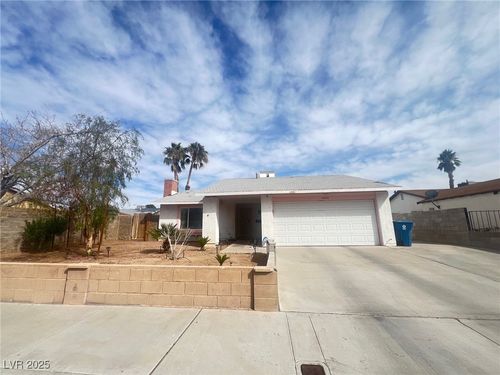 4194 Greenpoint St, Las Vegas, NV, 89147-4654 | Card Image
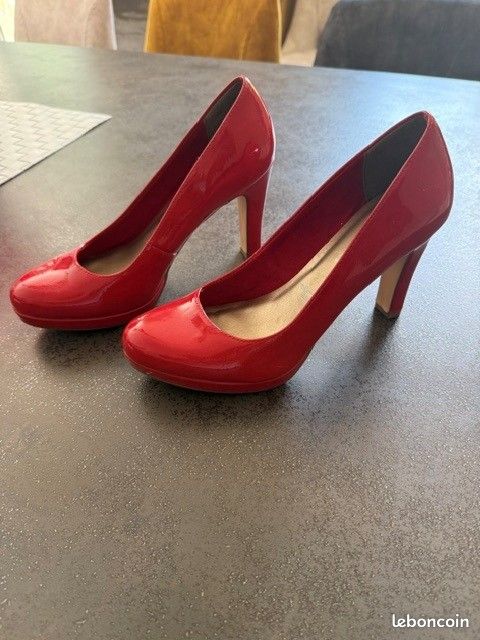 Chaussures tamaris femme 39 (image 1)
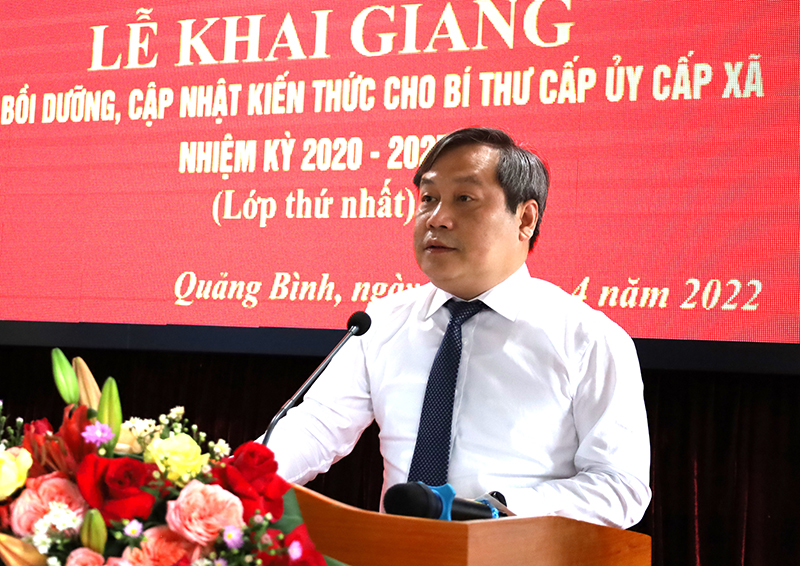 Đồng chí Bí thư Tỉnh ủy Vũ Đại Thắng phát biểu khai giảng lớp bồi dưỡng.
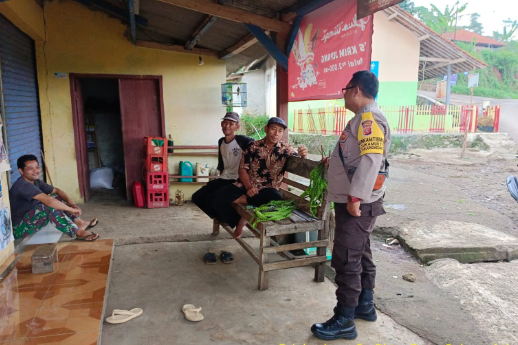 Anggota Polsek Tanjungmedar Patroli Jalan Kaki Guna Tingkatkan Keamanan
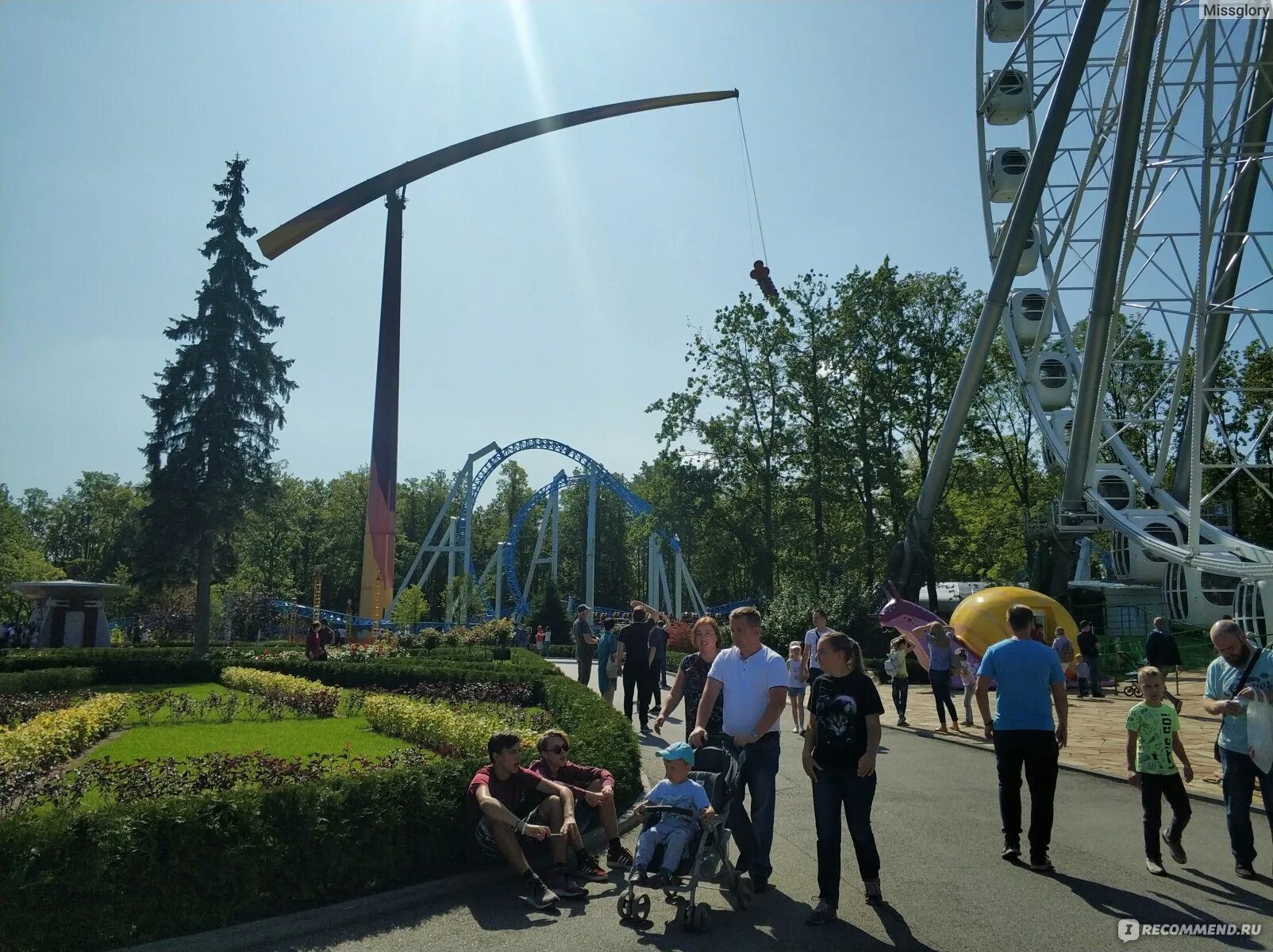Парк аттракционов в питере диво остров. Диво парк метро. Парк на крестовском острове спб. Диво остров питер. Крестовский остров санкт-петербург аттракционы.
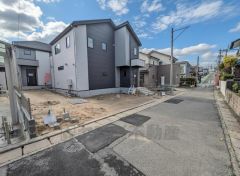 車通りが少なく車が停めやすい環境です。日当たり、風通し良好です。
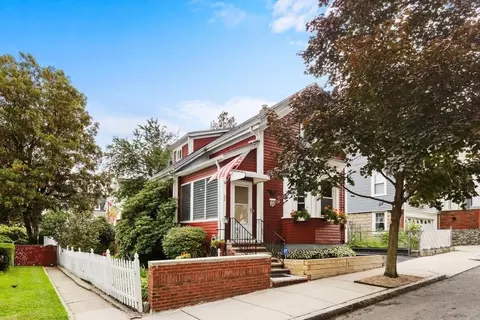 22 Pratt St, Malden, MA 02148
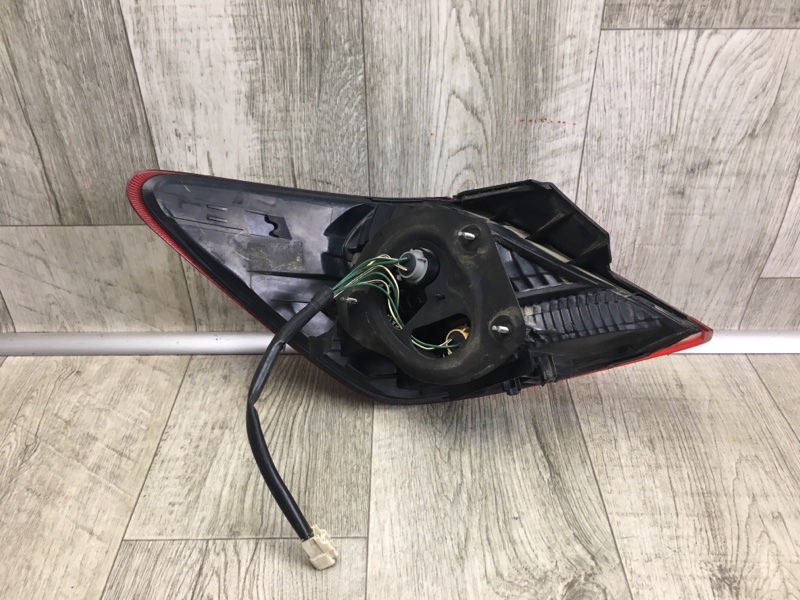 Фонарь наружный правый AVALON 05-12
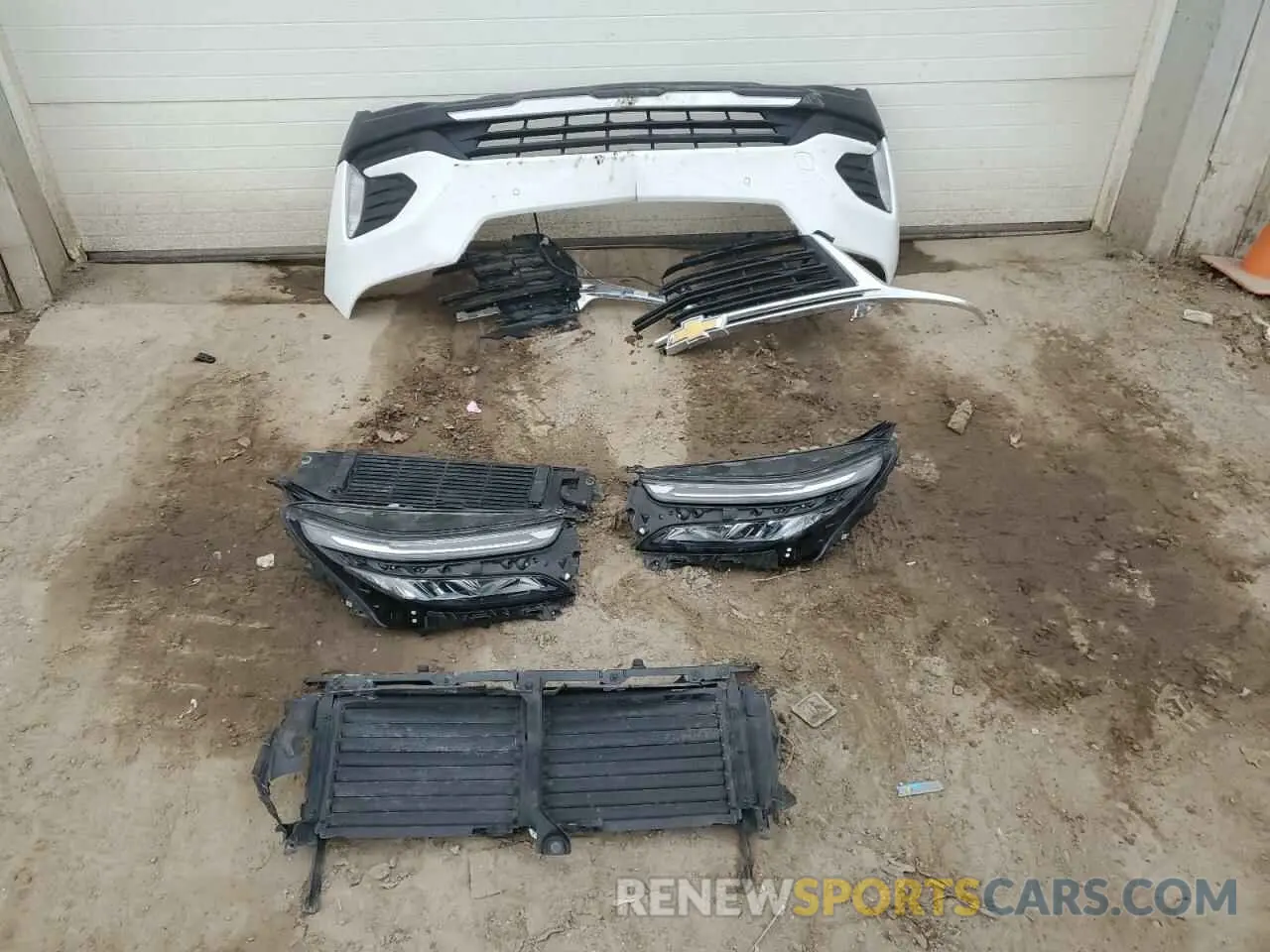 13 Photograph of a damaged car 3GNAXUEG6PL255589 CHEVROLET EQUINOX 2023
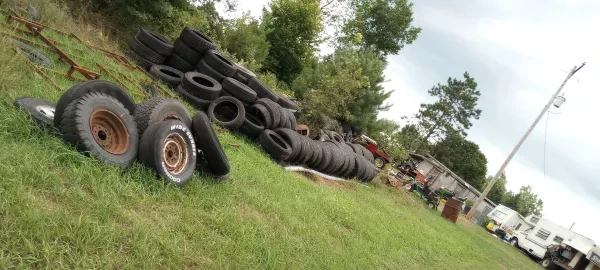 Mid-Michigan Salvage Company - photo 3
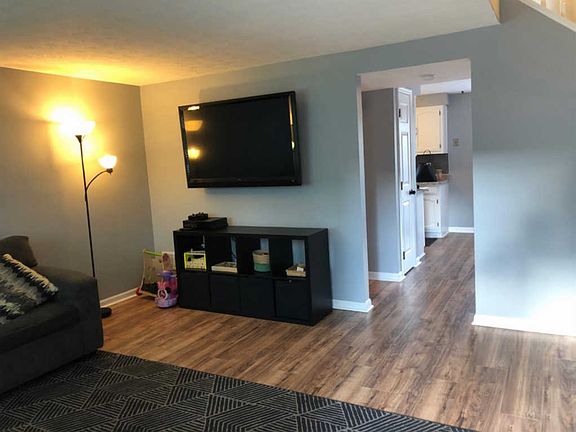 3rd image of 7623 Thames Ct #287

————

ASSIGNMENT:
After removing each picture, print the entries above exactly as they were.

ANSWER TO THE PROBLEM:
 4194 Greenpoint St, Las Vegas, NV, 89147-4654 | Card Image
 Chaussures tamaris femme 39 (image 1)
 Đồng chí Bí thư Tỉnh ủy Vũ Đại Thắng phát biểu khai giảng lớp bồi dưỡng.
 Anggota Polsek Tanjungmedar Patroli Jalan Kaki Guna Tingkatkan Keamanan
Парк аттракционов в питере диво остров. Диво парк метро. Парк на крестовском острове спб. Диво остров питер. Крестовский остров санкт-петербург аттракционы.
 車通りが少なく車が停めやすい環境です。日当たり、風通し良好です。
 22 Pratt St, Malden, MA 02148
 Фонарь наружный правый AVALON 05-12
 13 Photograph of a damaged car 3GNAXUEG6PL255589 CHEVROLET EQUINOX 2023
 Mid-Michigan Salvage Company - photo 3
 3rd image of 7623 Thames Ct #287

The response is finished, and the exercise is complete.